De Joodse filosoof Emmanuel Levinas (1906-1995) redeneert ongeveer in deze trant: Eveneens komt het er in de tussenpersoonlijke relatie niet op aan mij en de ander te-zamen te denken, maar tegenover elkaar te staan, en elkaar in ‘t gezicht te kijken. De werkelijke vereniging of het werkelijke te-zamen is niet het te-zamen van de synthese, maar dat van het van aangezicht tot aangezicht’ (5).

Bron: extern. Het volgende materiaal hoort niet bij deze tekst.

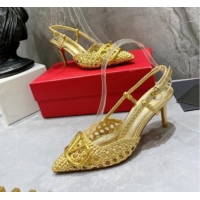 Classic Hot Valentino VLogo Signature Slingback Pump in Woven Leather 8cm Heel Gold 0823013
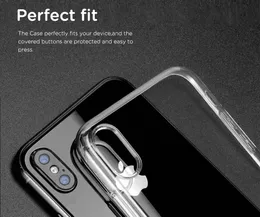 För Apple iPhone X Case Slim Transparent Soft TPU för iPhone X 8 7 6s Plus Cover Case Crystal Clear Back Ultra Thin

Volgt in hoofdstuk 2 het relaas van een zoektocht naar een partner. Onder de dieren die de Eeuwige schiep en aan de mens toonde was die niet te vinden. De geschikte partner werd gevonden in een medemens die tijdens een diepe slaap uit de mens  – uit zijn rib of zijde, tsela – werd afgesplitst en hem werd getoond.
Verheugd roept de mens uit:

2:23 ‘Deze keer is zij het!
been van mijn been,
vlees van mijn vlees.
Ze zal vrouw – ‘iesja’ – genoemd worden,
want uit een man – iesj – is zij genomen’ 
(7)

Van oudsher zagen commentatoren in de creatie van de vrouw uit ‘Adams rib’  een overduidelijke aanwijzing naar de ondergeschiktheid, zo niet inferioriteit van de vrouw. De bewoording weerspiegelt natuurlijk de patriarchale optiek van waaruit de Tora is geschreven. Dat dat helemaal niet onvermijdelijk in de teksten ligt opgesloten en ook andere duiding mogelijk is hebben moderne bijbelgeleerden (met name vrouwen) proberen aan te tonen; daarover een andere keer.
Overigens wekken de lyrische welkomstwoorden van Adam – de mens – sterk de indruk dat vreugde overheerst en dat de machtsstrijd over wie de baas is en wie de ondergeschikte niet aan de orde is of in ieder geval nog niet is begonnen.

noten

(1) Verschillende commentaren op de parasja Beresjiet/Genesis zijn te vinden in mijn boek REIZEN DOOR DE TORA , deel 1 Genesis en Exodus, en op mijn website 

(2) Dan was alles dan toch niet ‘zeer goed’ (1:31)? Gaat men uit van dat het paradijs drama van hfst 2 en 3 plaatsvond op vrijdagmiddag van de zesde dag – waarvoor Umberto Cassuto pleit – en dat van de schepping van de mens niet wordt gezegd dat die goed was (de goedheid van de mens moet deze steeds waarmaken) dan klopt het; als God daarna zegt van de hele schepping dat alles zeer goed was, dan is dat eerder een principeverklaring dan een feitelijke weergave van de realiteit

(3) Cassuto, Umberto: A commentary on the book of Genesis, part one, from Adam to Noah, The Magness Press, Hebrew University, Jerusalem, 1998

(4) Nechama Leibowitz Studies in Bereshit/Genesis, WZO, Jerusalem, 1981, 4e ed.